Scyld ClusterWare system software provides an "mpirun" script that works just like the standard script, except for two things. First, the Scyld ClusterWare script has a few options that are unique to Scyld ClusterWare.
-np <int> run <int> tasks
--all_cpus run a task on each cpu
--all_local run all tasks on master node
--no_local run no tasks on master node
--exclude <int>[:<int>] run on any nodes not listed
--map <int>[:<int>] run on nodes listed |
Second, the way MPI jobs are run under Scyld ClusterWare is semantically cleaner than on other distributed or old-generation cluster systems. By using the internal BProc mechanism, processes are initiated on remote machines faster and are directly monitored and terminated.
Rather than start independent copies of the program, which later coordinate, the Scyld ClusterWare MPI implementation starts a single program. When MPI_Init() is called, bproc_rfork() is used to create multiple copies of the program on the compute nodes. Thus, the Scyld ClusterWare implementation of MPI has semantics similar to shared memory supercomputers such as the Cray T3E, rather than semantics of a collection of independent machines. The initialization code is run only once, which allows updating configuration files or locks without the need for a distributed file system or the need for explicit file locking. MPI_Init determines how many tasks to create by checking an environment variable. Thus, the Scyld ClusterWare implementation of mpirun actually just parses the mpirun flags, sets the appropriate environment variables, and then runs the program. The environment variables recognized by MPI_Init are as follows:
NP=<int>
ALL_CPUS=Y
ALL_LOCAL=Y
NO_LOCAL=Y
EXCLUDE=<int>[:<int>]
BEOWULF_JOB_MAP=<<int>[:<int>] |
Using these environment variables, an MPI program can be run on a Scyld ClusterWare system without any special scripts or flags. Thus, if the flag "NP" has been set to the integer 16, the example listed above could be run as:
Further, turn-key applications can be developed that set the environment variables from inside the program before MPI_Init is called so that the user doesn't even have to be aware that the program runs in parallel.

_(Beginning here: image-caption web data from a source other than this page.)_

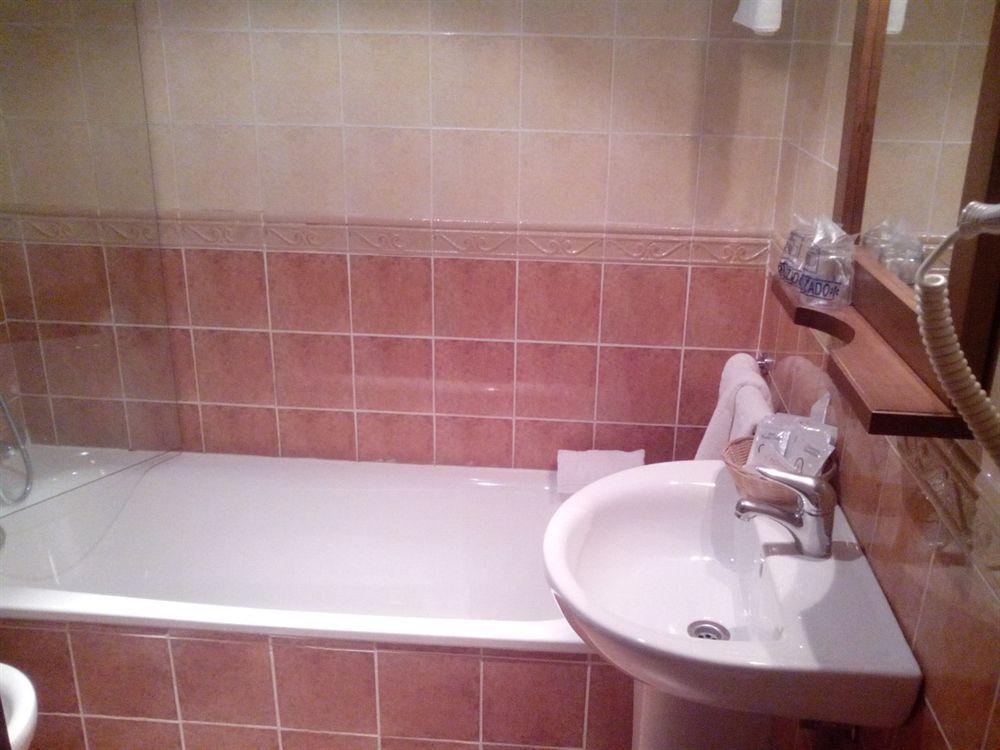 Apartamentos Las Cruces Seville Luaran gambar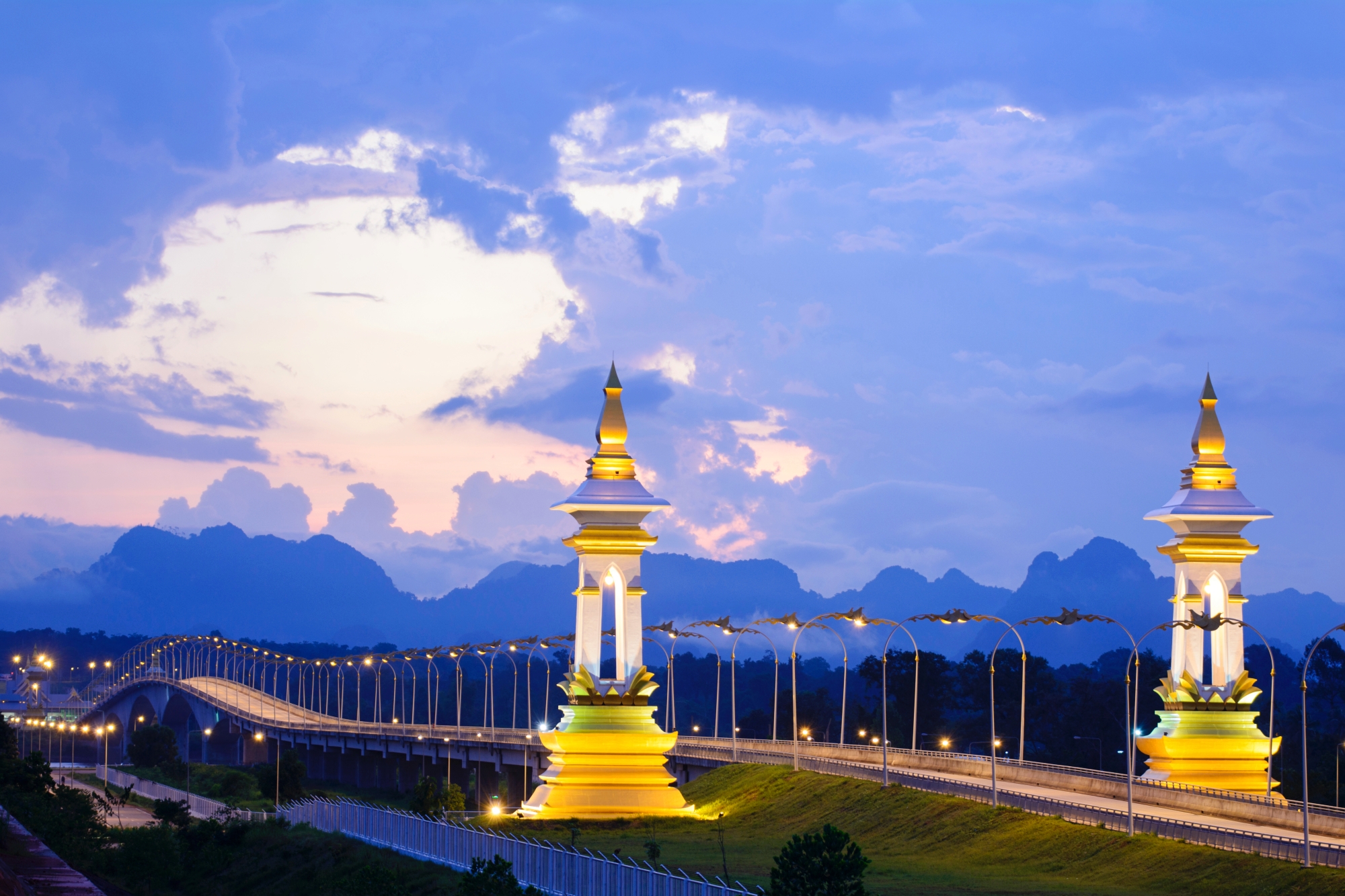 สะพานมิตรภาพ 3 (นครพนม-คำม่วน)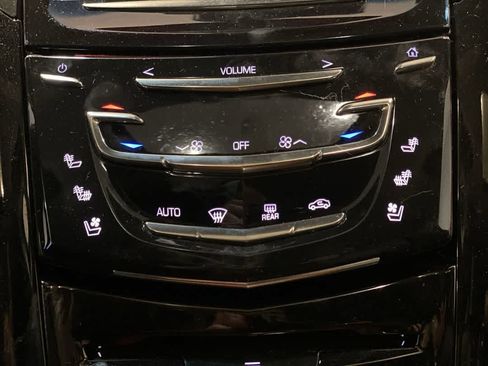 Used 2018 Cadillac Escalade Luxury image 21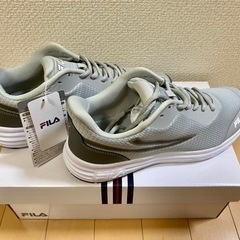 FILA シューズ　フィラスニーカーの画像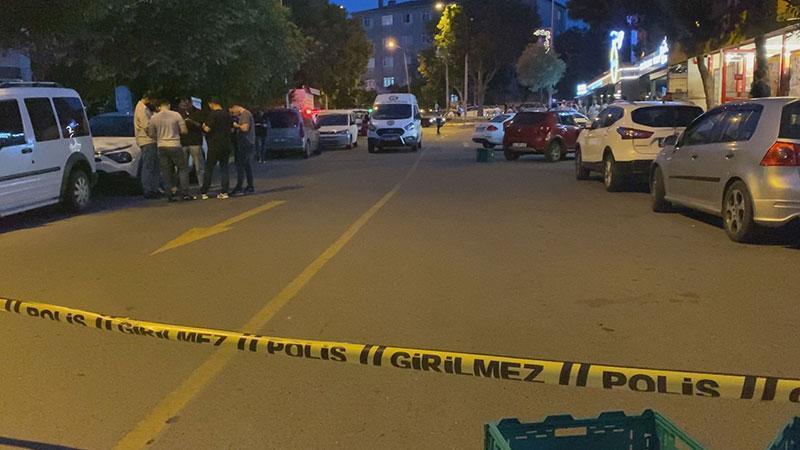 İstanbul’da Parkta Korku Dolu Anlar: İki Grup Arasında Silahlı Kavga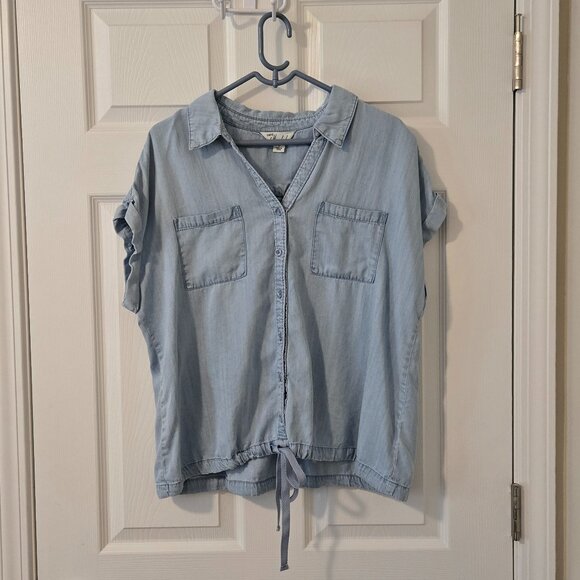 Caffe Marrakesh Pale Blue Chambray Short Sleeve Tie Waist Button Up Top Size L - Picture 1 of 4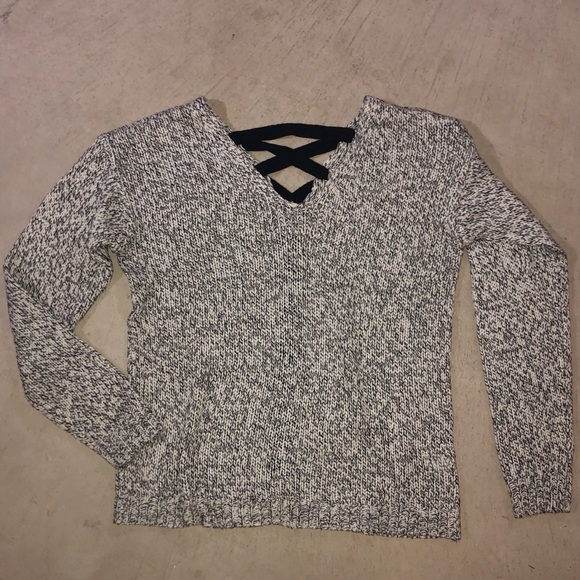 Francesca's Collections Sweaters - Francesca’s Lace-back Sweater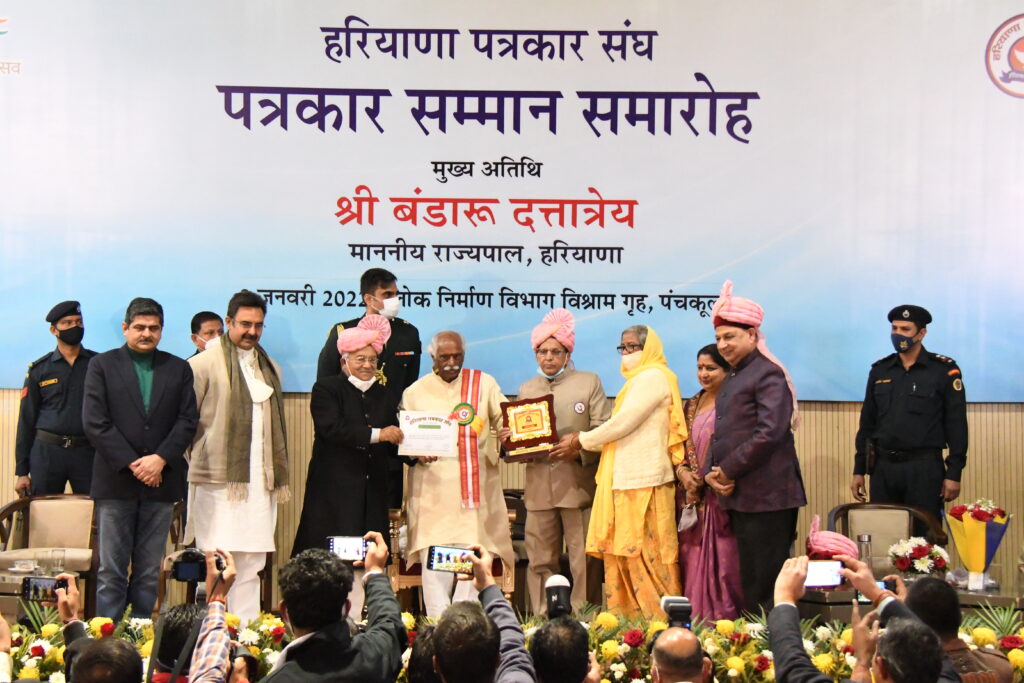हरियाणा के राज्यपाल श्री बंडारू दत्तात्रेय ने पत्रकारों का आहवान् किया है कि पत्रकार निष्पक्ष एवं तथ्यों के आधार पर पत्रकारिता करें, जिससे समाज में पत्रकारों की और विश्वसनीयता बढ़ेगी। हरियाणा के राज्यपाल श्री बंडारू दत्तात्रेय ने पत्रकारों का आहवान् किया है कि पत्रकार निष्पक्ष एवं तथ्यों के आधार पर पत्रकारिता करें, जिससे समाज में पत्रकारों की और विश्वसनीयता बढ़ेगी।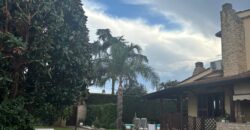 AMPIA VILLA BIFAMILIARE CON PISCINA Varcaturo-Centro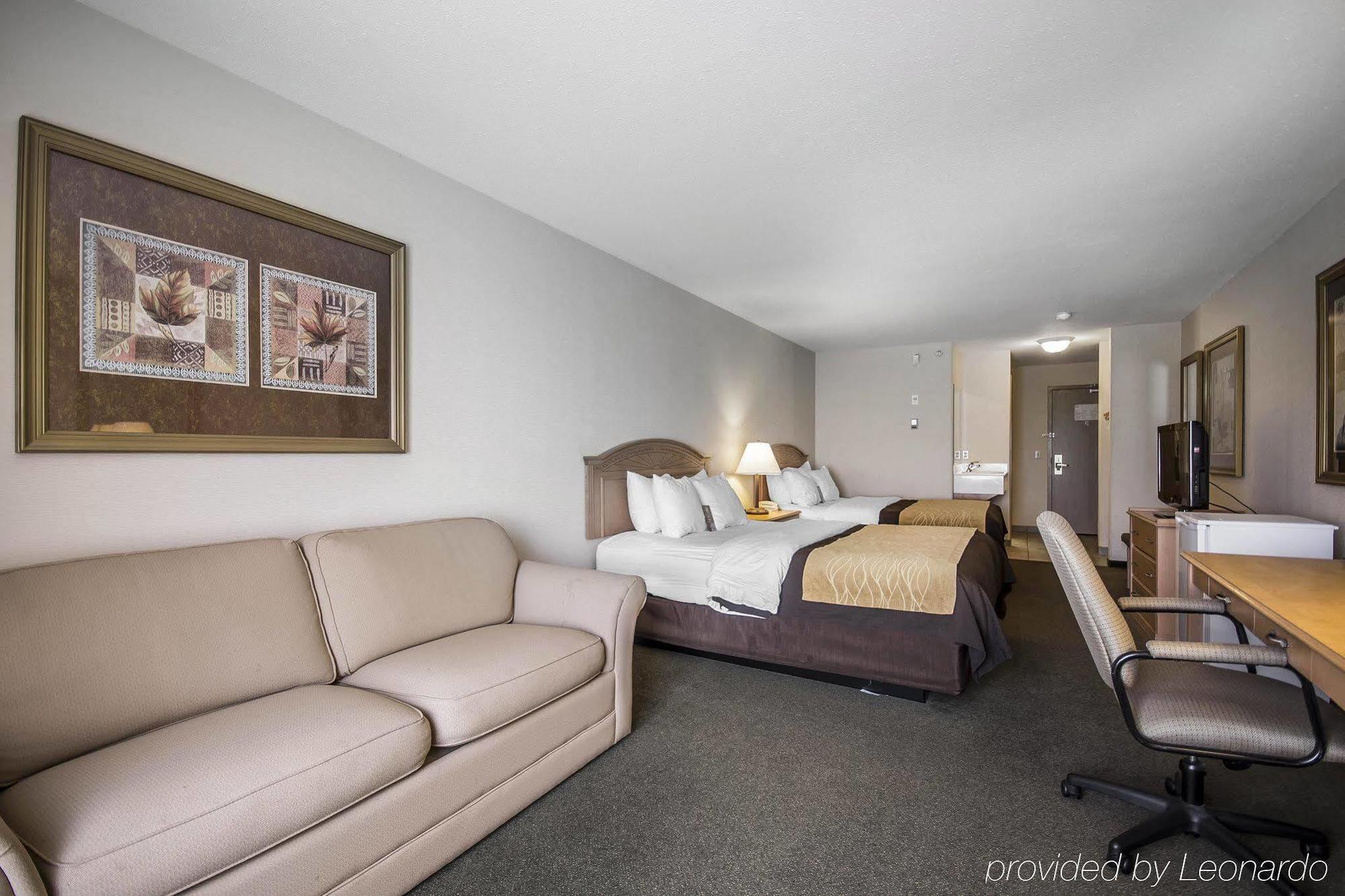 Comfort Inn & Suites Salmon Arm Ngoại thất bức ảnh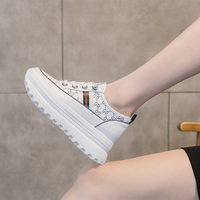 Baskets de luxe de créateur à semelle épaisse blanches, mode et sport, décontractées à lacets pour femmes, vente en gros
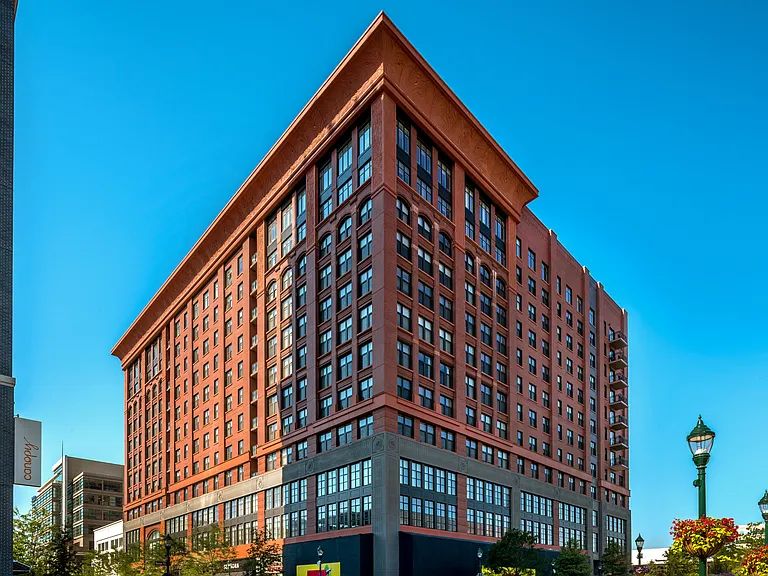 The Henri At Pike & Rose — Photo 33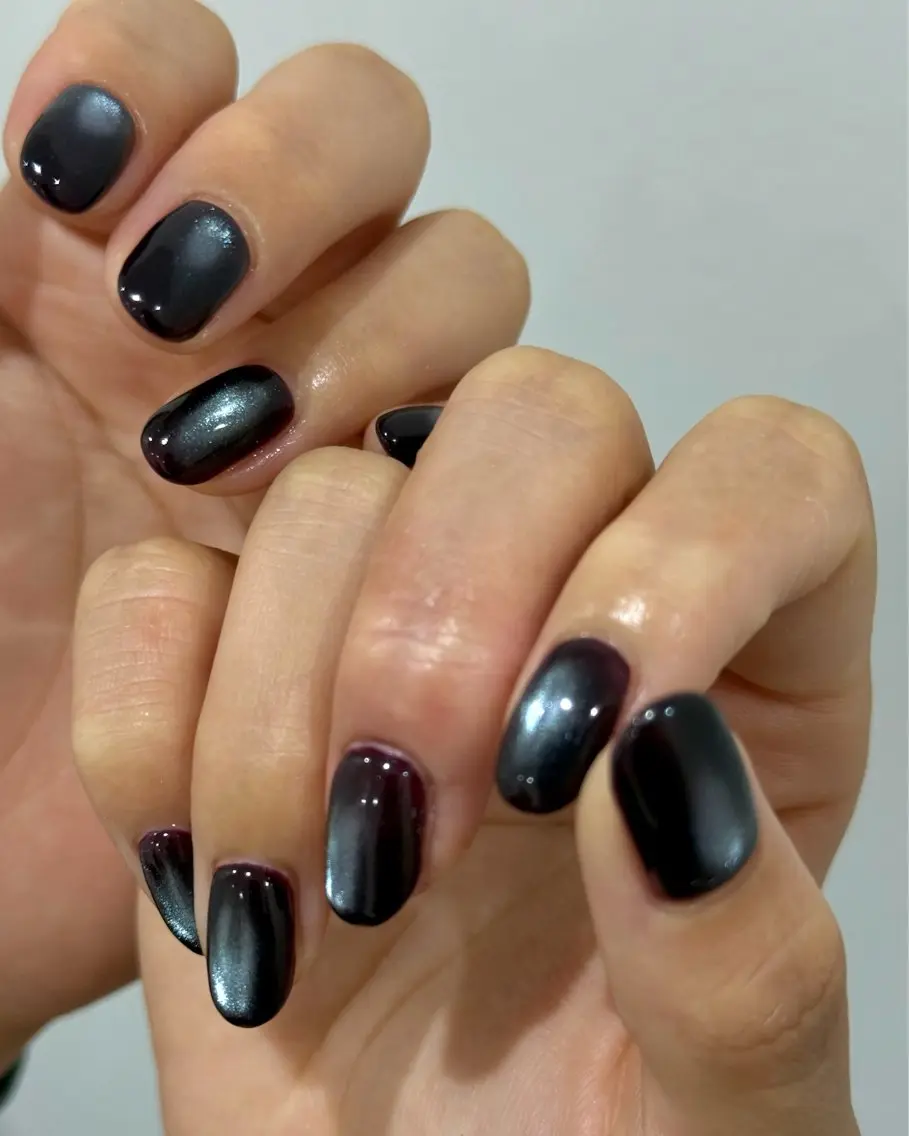ネイル マグネットネイル ニュアンスネイル ワンカラーネイル ショートネイル ハンドネイル Miyu __ Nailのネイルデザイン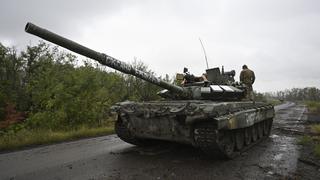 Soldados ucranianos muertos en guerra serían hasta 13 mil, asegura asesor de Zelensky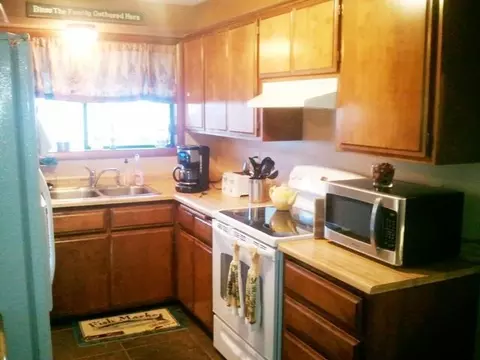 222 Fifth St, Glendale, OR 97442 photo 8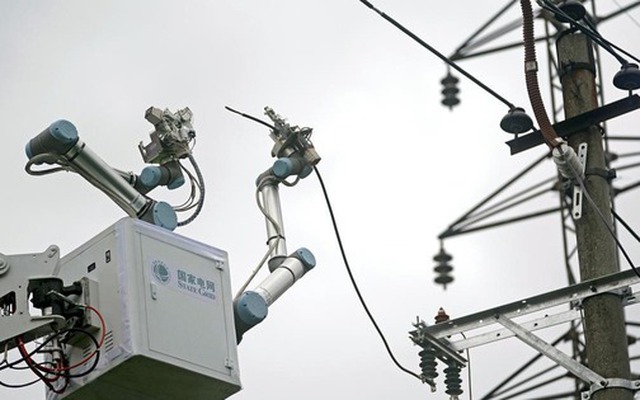 Tử thần "chào thua" đường dây 10 kV: Robot Trung Quốc lần đầu thay thế con người sửa điện trực tiếp!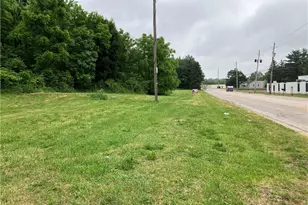 130 S Thomas Rd, Tallmadge, OH 44278 - Photo 1
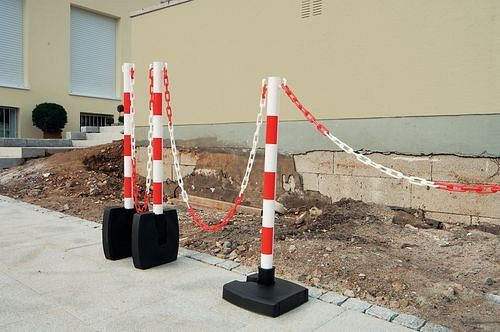 DENIOS Ketten-Warnständer zum Umklappen, 2 Kettenösen, Fuß 280x280mm, 900mm H, rot/weiß, 180243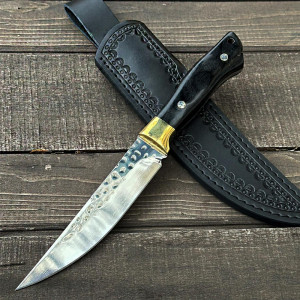 Тежък ловен нож Der HUNT, фултанг, стомана 7Cr13mov , дръжка махагон, гравирана кожена кания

A number of the flags provided under Scyld ClusterWare are useful for things like scheduling and debugging. The --all_local flag (ALL_LOCAL variable) is important for debugging programs, because it is much simpler to debug programs with all tasks running on the master node than actually running on the compute nodes. The --no_local flag (NO_LOCAL variable) is usually used to keep ALL tasks running on compute nodes and not load the master node with processes that must compete with interactive processing. The --exclude flag (EXCLUDE variable) can be used to keep tasks off of nodes that are reserved for special purposes such as I/O, visualization, debugging, etc. Also, the --map flag (BEOWULF_JOB_MAP variable) can be used to run tasks on specific nodes. This can be used by a scheduler to control where processes are run in a multi-user/multi-job environment.